Review #3: Drawing from Memory

by Allen Say

Published in 2011 by Scholastic Inc.

In short, I LOVED this book!

It’s a picture book, soft cover, slightly narrower and shorter than an A4 size. And it’s probably meant to be a read-to-your-child type book. Let me say here that I prefer soft covers because they’re so much easier to handle, though a hard cover would probably be costlier to produce and therefore cost more, bringing more profit to the publisher.

But I digress.

Why did I like it? Oh, so many reasons.

First, it was a memoir. I absolutely love memoirs. I find memoirs so much more fascinating than fiction, probably because the plot of a memoir is written by God (or destiny, depending on your belief), and contains some divinely inspired theme and lessons. Whereas the plot of a novel is usually crafted in the mind of a human, even if the author drew examples from real life.

Secondly, the illustrations were a mixture of realistic watercolors, sketches, comics, photographs, and charcoal/pencil drawings. There was even a Chinese style calligraphy of the author’s Japanese name. Why was this was so joyful for me? Well, let me explain. I’ve been working on several different books, each on a different aspect of my autobiography. I have already drafted the earliest part, tentatively entitled Life of a Rooster, but I envision it as a picture book. I mean a thick book of 100-300 pages, but with illustrations on every page. Some would be sketches, some would be photos, and some would be realistic watercolors. So, you see, this is a thinner version of my book with just 63 pages. Someone else realized the same concept! and won a Caldecott medal in the process!

Thirdly, this memoir celebrated the success of determination and joy of living.

It’s the story of the author’s childhood and youth in Japan up till the day he left for the United States. Allen Say is both the author and the illustrator of this book though in his childhood he just wanted to be able to draw comics. Despite his parents’ and grandmother’s negative attitude towards his drawings, despite their divorce and his moving around, he kept on drawing. By the time he was the ripe old age of 13, he was sent to live by himself so he could attend middle school.

This made me tear up. All by himself? My own parents sent my sister and me back to Paris when I was 11 to live with my aunt and her family, also for the sake of education. Though I was in the middle of a loving family, I felt lonesome and rejected by my parents. I cannot imagine how this young boy felt then.

He describes his feelings as freedom at last. He could now draw as much as he wanted!

Next is something I would never ever have had the guts to do at age 13. He went to the studio of a famous cartoonist that he admired and asked to become his apprentice / assistant. And even more surprisingly, he was accepted.

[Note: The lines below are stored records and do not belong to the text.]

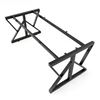 HBKC008 - Bàn họp nhỏ 180x90 KConcept chân sắt lắp ráp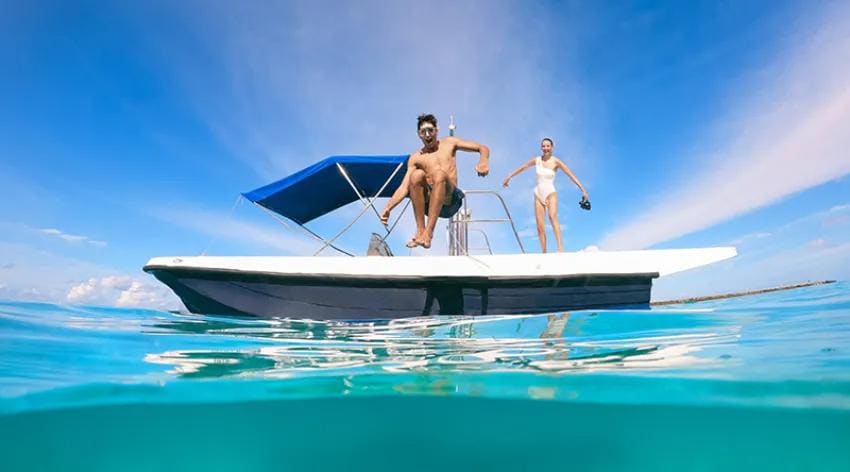 Centara Ras Fushi Resort & Spa Maldives Experiences
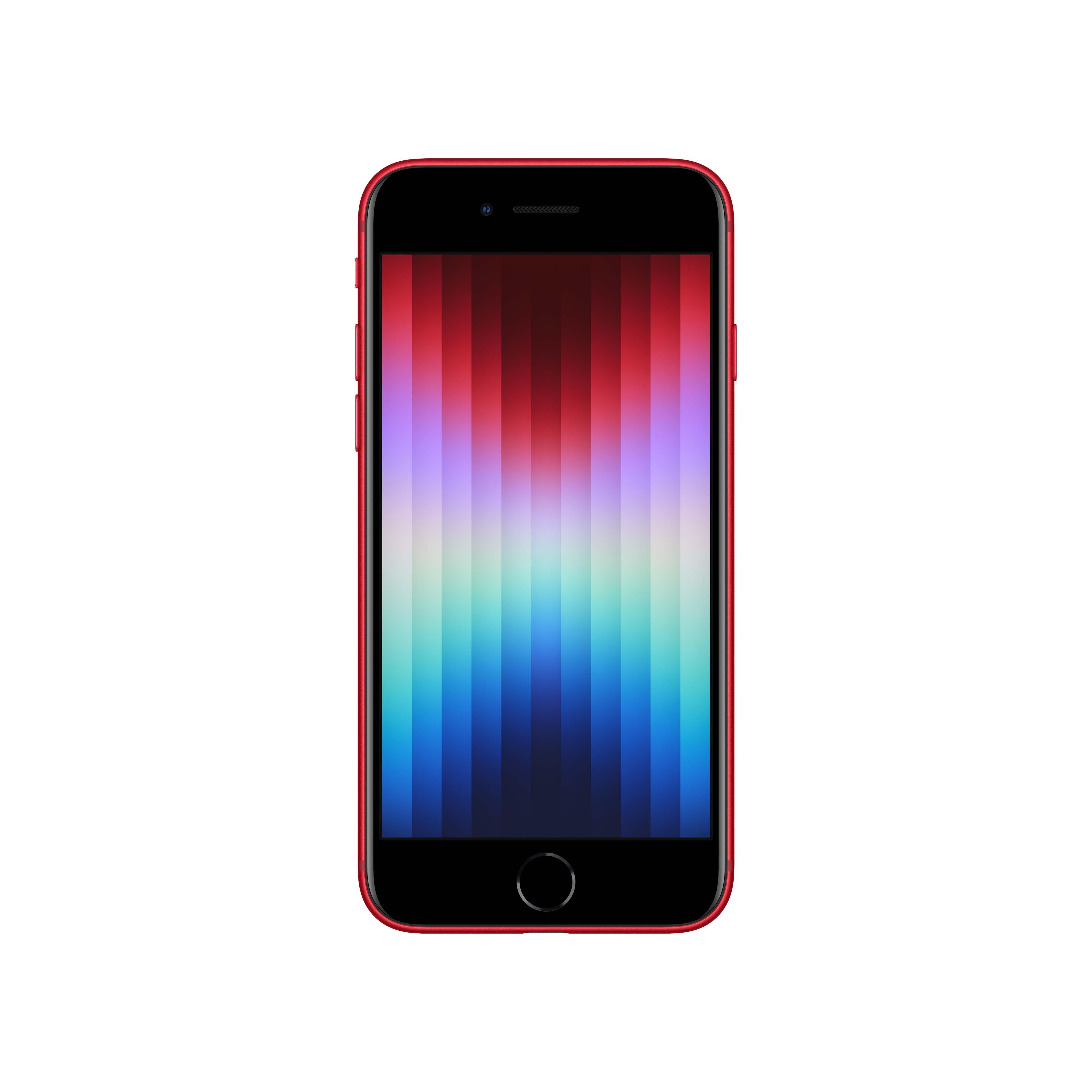 iPhone SE (3rd generation) 256GB (PRODUCT)RED – iStudiobySPVi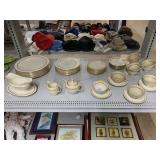 Lenox China Set - Service for at least 8 - Some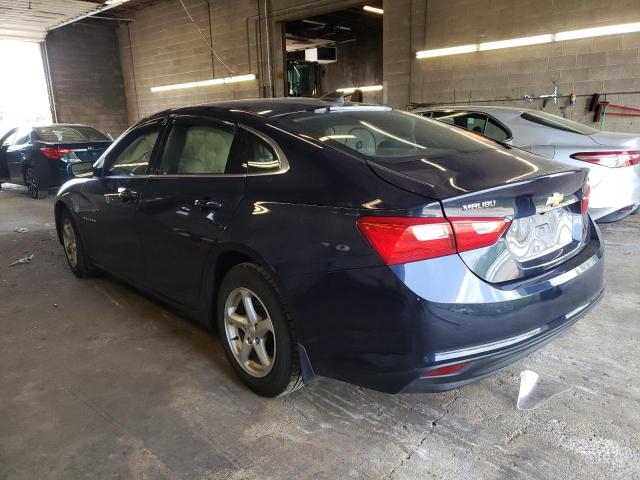 Photo 2 from auction – 2016 CHEVROLET MALIBU LS with VIN 1G1ZB5ST1GF318571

The cartoons threading the story through the book are in the clean realistic style similar to the Tintin books I grew up on. Larger scale events depicted are given dramatic space. For example, the drawing of a anti-government demonstration he got engulfed in one day takes up the entire page. The police force that stood waiting for them were grimly depicted in black and white on the entire next page.

By the time he was 15, his father suddenly decided to include him in his new family and asked whether he would join him and emigrate to the United States. He ends the book with a five-page “Author’s Note” describing his return to Japan many years later to visit his old mentor.

It’s a very moving memoir. I enjoyed and admired the illustrations over and over again. But most of all, I feel now vindicated. My idea about how to present my childhood story is not so silly after all. If someone else did it, I can do it too.